This trifle goes into the Things That Are True heap. That you knew who Allen Greenspan was before this doesn't. But most Americans don't know Greenspan, for that matter, so don't feel too bad. I wonder, then, who would pay that much to sit next to a guy who signed the checks written by the U.S. Government. Or who thought that having tea with this dude was half as cool as starring in a movie with Johnny Depp, or getting a tennis lesson from Andre Agassi, which are two things also up for auction. Johnny Depp doesn't stand a chance, I'm sorry to say. But what do you think, oh illustrious psych major?

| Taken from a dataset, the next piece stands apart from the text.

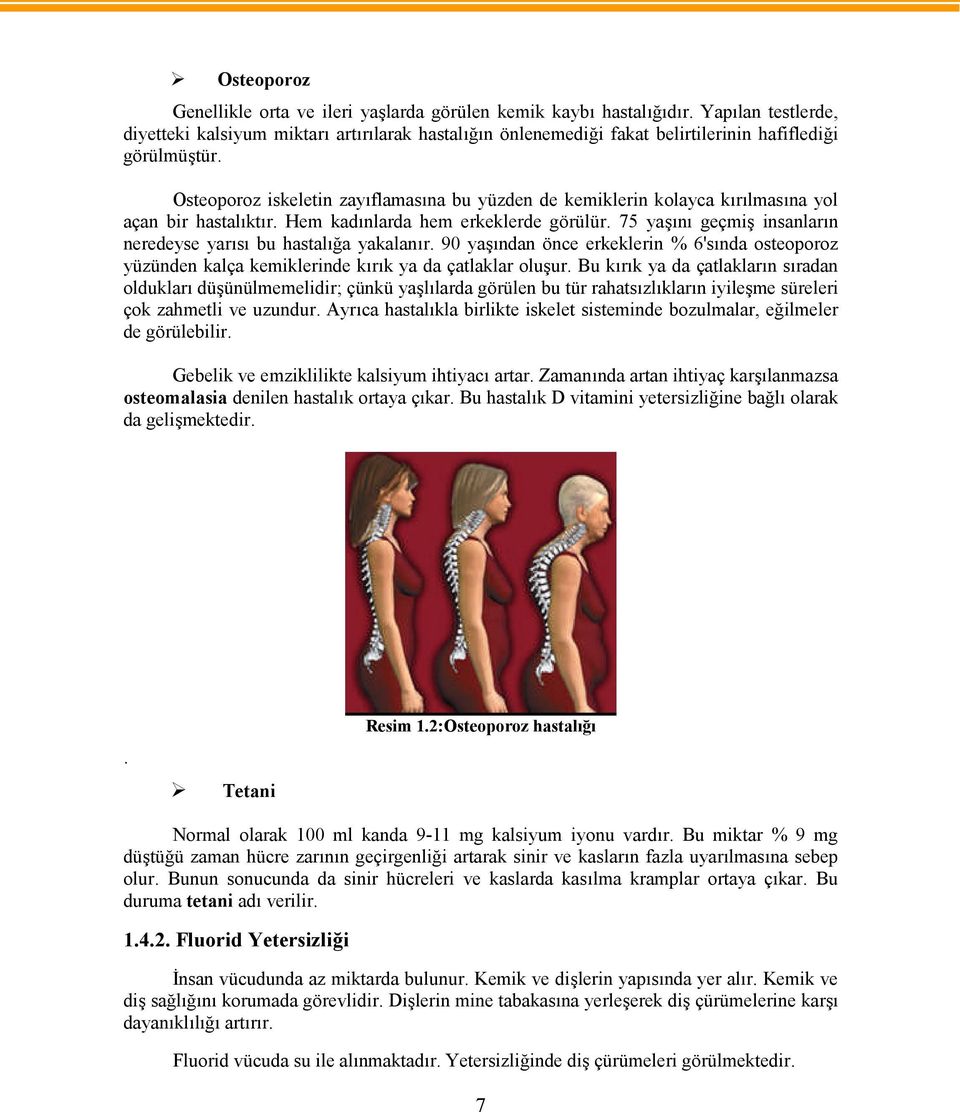 Osteoporoz iskeletin zayıflamasına bu yüzden de kemiklerin kolayca kırılmasına yol açan bir hastalıktır. Hem kadınlarda hem erkeklerde görülür.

Of auctioning off the trite and inconsequential, we hear that the head of Germany's Social Democrats, Kurt Beck, has offered to auction his facial hair - a nice, full beard covering his fleshy jowls - for charity. That he is actually serious about anyone taking him seriously goes into the Things That Might Be True stack, since he told reporters that his self-sacrificing act "must be serious and not turn into a spectacle."

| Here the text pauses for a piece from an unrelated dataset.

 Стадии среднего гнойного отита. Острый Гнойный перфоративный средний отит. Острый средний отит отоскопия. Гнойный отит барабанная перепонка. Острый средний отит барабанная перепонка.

Having a benefit dinner? That's not a spectacle. Holding a telephone drive where Jerry Lee Lewis tries to be funny (and after 30 years still doesn't realize he isn't)? That's not spectacle. Getting out your checkbook and writing a check to a specific charity? That's not a spectacle. Offering to perform personal acts of hygiene for money (even if you plan to donate it to charity)? That's spectacle. That's how yesteryear's sit-in becomes today's will-you-give-me-money-if-I-shower?

To say that today's charity auction-themed "Randomonium" is actually an anomaly - that people actually do have their priorities straight - goes into the Things That Aren't True At All pile.

It's true: people would actually take home a pile of really old dino dung than a really cool rock from outer space - and they're actually willing to pay thousands of dollars for this isht! A Bonham's auction sold a 130-million-year-old piece of dinosaur crap for $960, while a 4.5-billion-year-old meteorite went back home with Marvin Kilgore, the University of Arizona's Southwest Meteorite Center curator who discovered it. Kilgore would have had no reason to be surprised that a piece of crap commanded more attention than his rock if he read "Randomonium" regularly.